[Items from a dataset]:
▶

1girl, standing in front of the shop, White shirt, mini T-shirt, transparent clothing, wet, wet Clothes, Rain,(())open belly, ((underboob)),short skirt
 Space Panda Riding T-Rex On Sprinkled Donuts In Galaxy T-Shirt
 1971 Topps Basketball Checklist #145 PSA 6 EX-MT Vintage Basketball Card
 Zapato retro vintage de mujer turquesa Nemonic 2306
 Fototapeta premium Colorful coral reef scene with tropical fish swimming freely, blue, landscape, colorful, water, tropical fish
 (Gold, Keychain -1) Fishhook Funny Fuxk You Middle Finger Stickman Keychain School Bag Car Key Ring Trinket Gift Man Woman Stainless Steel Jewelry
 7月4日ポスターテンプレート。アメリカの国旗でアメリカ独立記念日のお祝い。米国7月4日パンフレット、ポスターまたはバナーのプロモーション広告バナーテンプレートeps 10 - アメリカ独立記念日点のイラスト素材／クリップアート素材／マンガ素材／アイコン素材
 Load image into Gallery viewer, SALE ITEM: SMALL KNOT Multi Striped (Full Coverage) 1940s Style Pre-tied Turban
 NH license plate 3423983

◀

[EXERCISE]:
Make an exact copy of the data above.

[SOLUTION TO THE PROBLEM]:
1girl, standing in front of the shop, White shirt, mini T-shirt, transparent clothing, wet, wet Clothes, Rain,(())open belly, ((underboob)),short skirt
 Space Panda Riding T-Rex On Sprinkled Donuts In Galaxy T-Shirt
 1971 Topps Basketball Checklist #145 PSA 6 EX-MT Vintage Basketball Card
 Zapato retro vintage de mujer turquesa Nemonic 2306
 Fototapeta premium Colorful coral reef scene with tropical fish swimming freely, blue, landscape, colorful, water, tropical fish
 (Gold, Keychain -1) Fishhook Funny Fuxk You Middle Finger Stickman Keychain School Bag Car Key Ring Trinket Gift Man Woman Stainless Steel Jewelry
 7月4日ポスターテンプレート。アメリカの国旗でアメリカ独立記念日のお祝い。米国7月4日パンフレット、ポスターまたはバナーのプロモーション広告バナーテンプレートeps 10 - アメリカ独立記念日点のイラスト素材／クリップアート素材／マンガ素材／アイコン素材
 Load image into Gallery viewer, SALE ITEM: SMALL KNOT Multi Striped (Full Coverage) 1940s Style Pre-tied Turban
 NH license plate 3423983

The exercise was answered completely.